Lung Ultrasound Score: A Potential Prediction Tool In Covid-19 (preprint)

1. Background: During the COVID-19 pandemic, adequate management of available resources may be key to overcoming the excess of seriously ill patients and saving lives. Creating tools to assess disease severity is one of the most important aspects for reducing the burden on emergency departments. Lung ultrasound has high accuracy for diagnosis of pulmonary diseases; however, there are no prospective studies demonstrating that lung ultrasound can predict outcomes in COVID-19. We hypothesized that Lung Ultrasound Score (LUSS) at hospital admission would be able to predict the outcomes of patients with COVID-19.2. Methods: Prospective cohort study conducted from 14 March through 6 May 2020 in the Emergency Department (ED) of an urban, academic, level I trauma center. This 2,200-bed hospital has been designated exclusive for COVID-19 patients for the duration of the pandemic. Patients aged 18 years and older and admitted to the ED with confirmed COVID-19 were considered eligible.

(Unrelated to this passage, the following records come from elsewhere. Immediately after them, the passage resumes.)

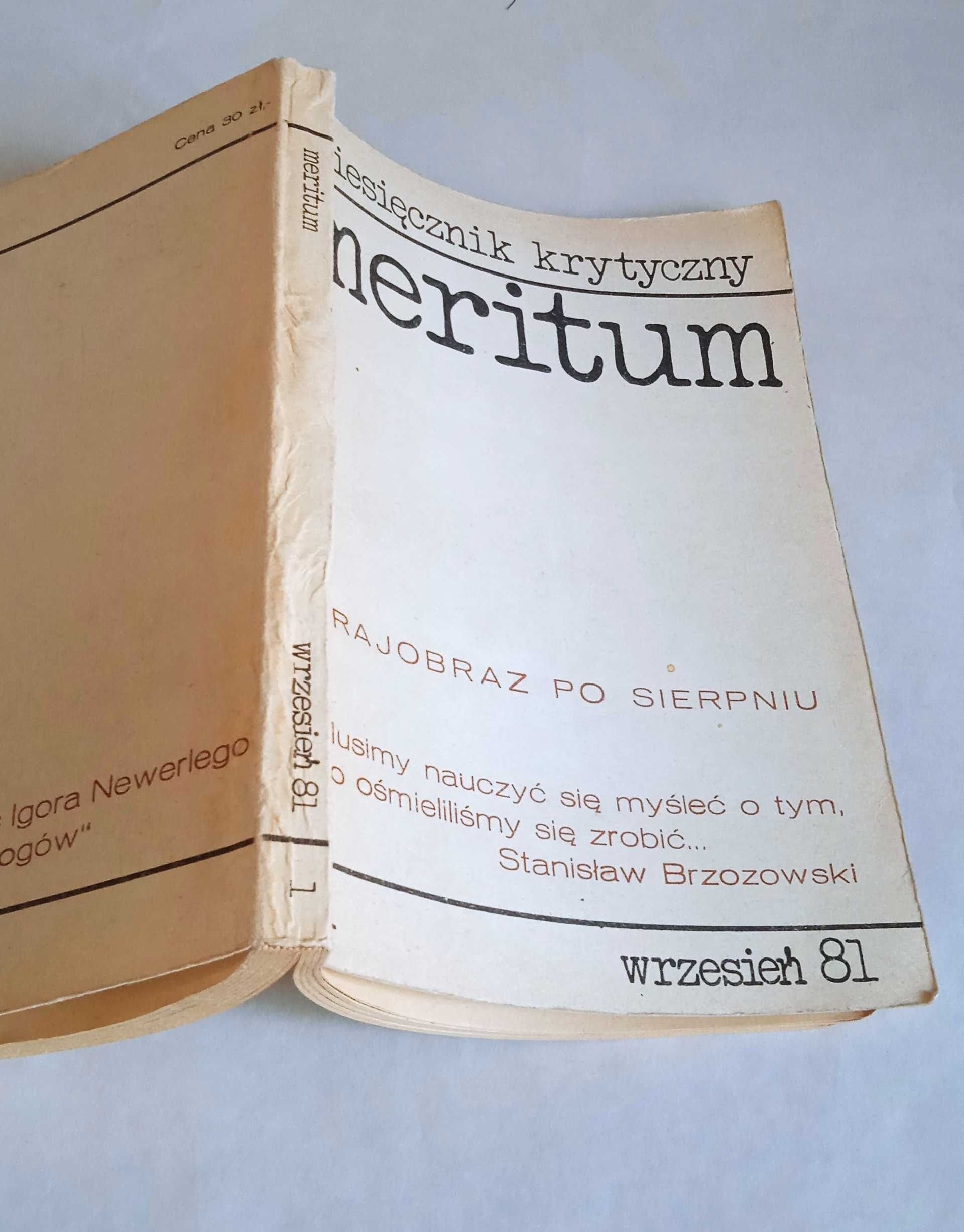 Meritum nr 1 - miesięcznik krytyczny wrzesień '81
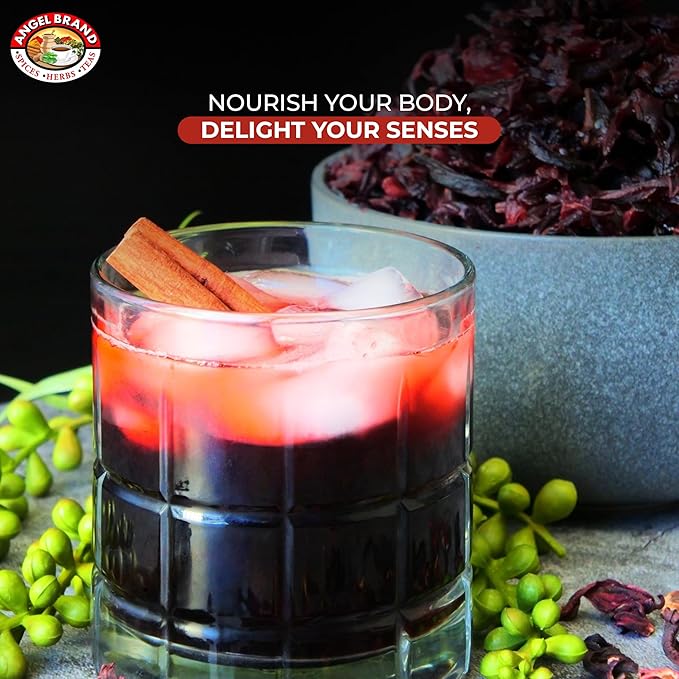 Angel Brand Dried Sorrel Hibiscus Flowers 1.5 lbs Pouch - Discover Rich Flavor &amp Aroma of Healthful Delights with Hibiscus Tea Loose Leaf - Enjoy Refreshing &amp Nutritious Beverages to Elevate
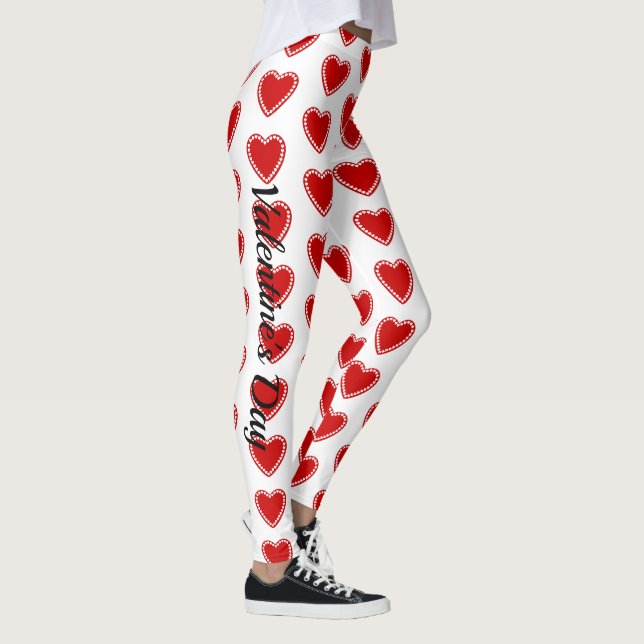 Valentine's Day Hearts White Leggings Yoga Pants (Right)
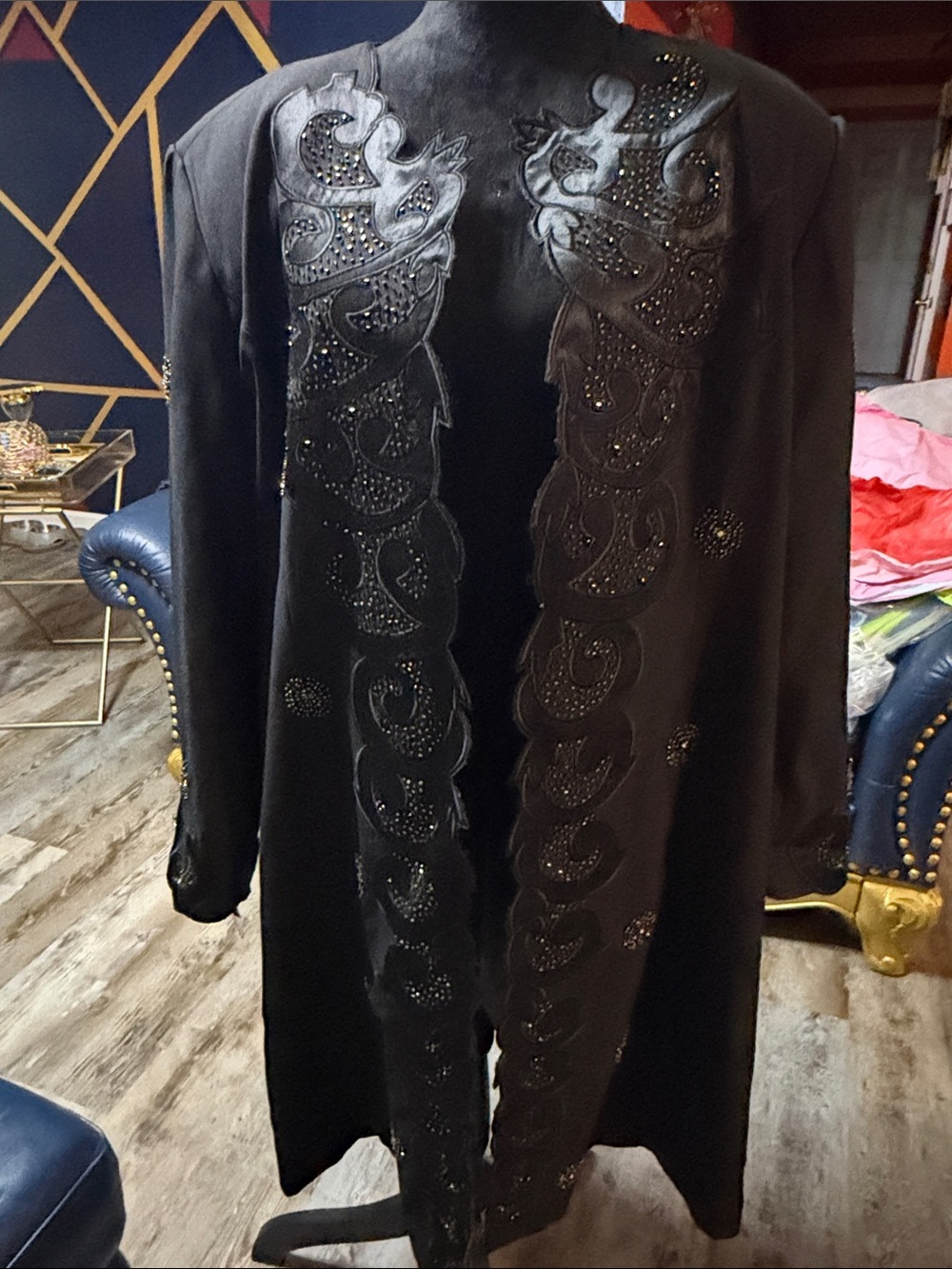 Vintage KB Black Embellished Long blazer/jacket - Classic Women's Outerwear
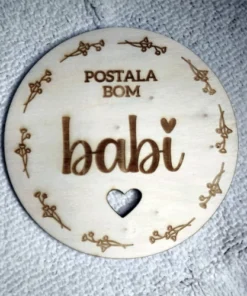 Lesena oznanitvena kartica - Postala bom babi - dedi-1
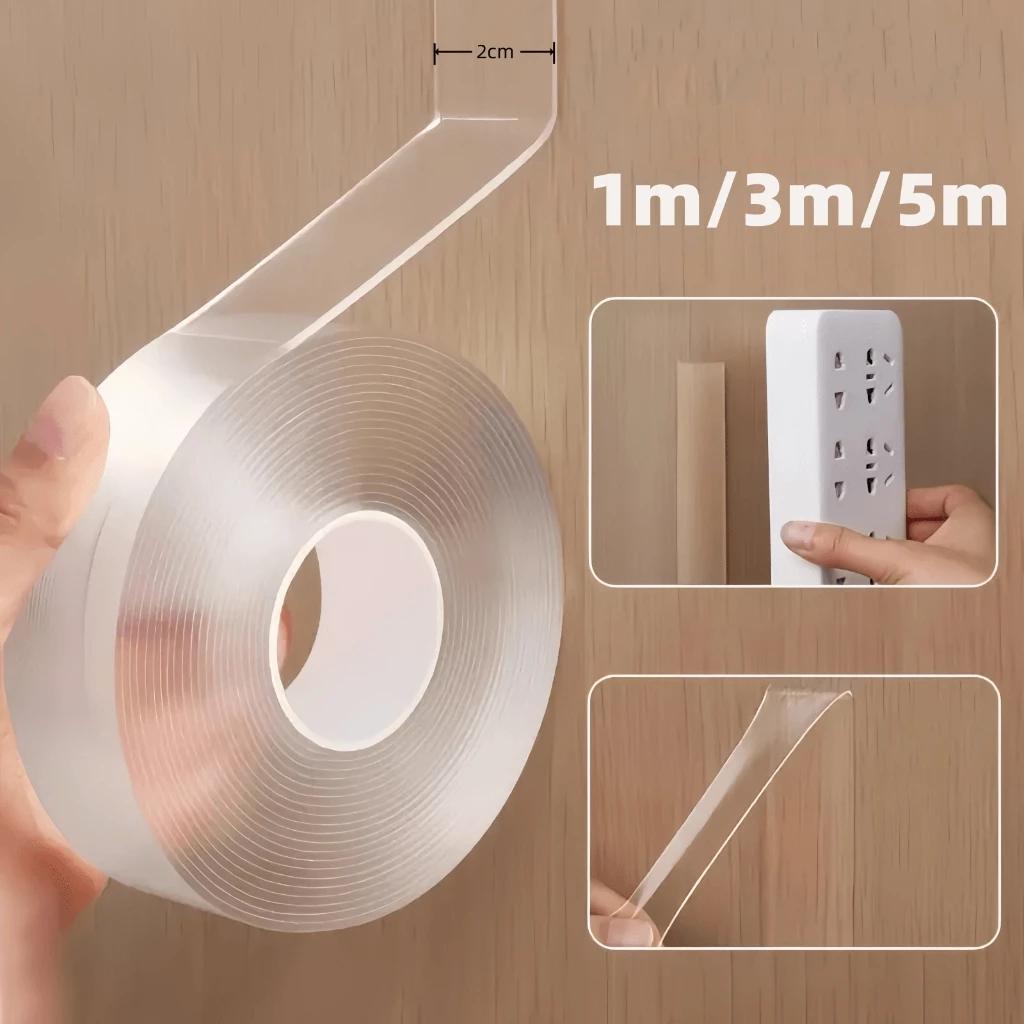 Nano Double-Sided Tape - 3M/5M Transparent, Reusable, Waterproof Adhesive for Home Use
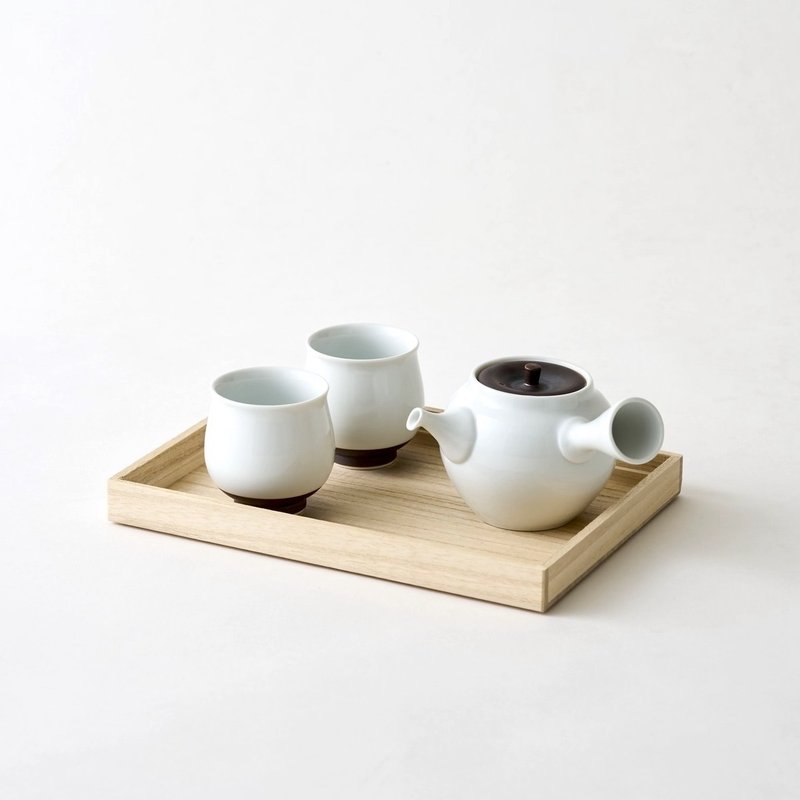 茶具、茶壶、茶杯2件组、泡桐盒、锈釉 - 茶具/茶杯 - 瓷 白色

Emergency physicians performed lung ultrasounds and calculated LUSS, which was tested for correlation with outcomes.3. Results: Primary endpoint was death from any cause. Secondary endpoints were ICU admission and endotracheal intubation for respiratory failure. Among 180 patients with confirmed COVID-19 who were enrolled (mean age, 60 years; 105 male), the average LUSS was 18.7 ± 6.8. LUSS correlated with findings on chest CT and was able to predict the estimated extent of parenchymal involvement (mean LUSS with < 50% involvement on chest CT, 15±6.7 vs. 21±6.0 with >50% involvement, p<0.001), death (AUC 0.71, OR 1.13, 95%CI 1.07 to 1.21; p < 0.001), endotracheal intubation (AUC 0.75, OR 1.17, 95%CI 1.09 to 1.26; p < 0.001), and ICU admission (AUC: 0.71, OR 1.14, 95%CI 1.07 to 1.21; p < 0.001). 4. Conclusion: LUSS was a good predictor of death, ICU admission, and endotracheal intubation in COVID-19 patients. 5. Trial RegistrationThis protocol was approved by the local Ethics Committee number 3.990.817 (CAAE: 30417520.0.0000.0068).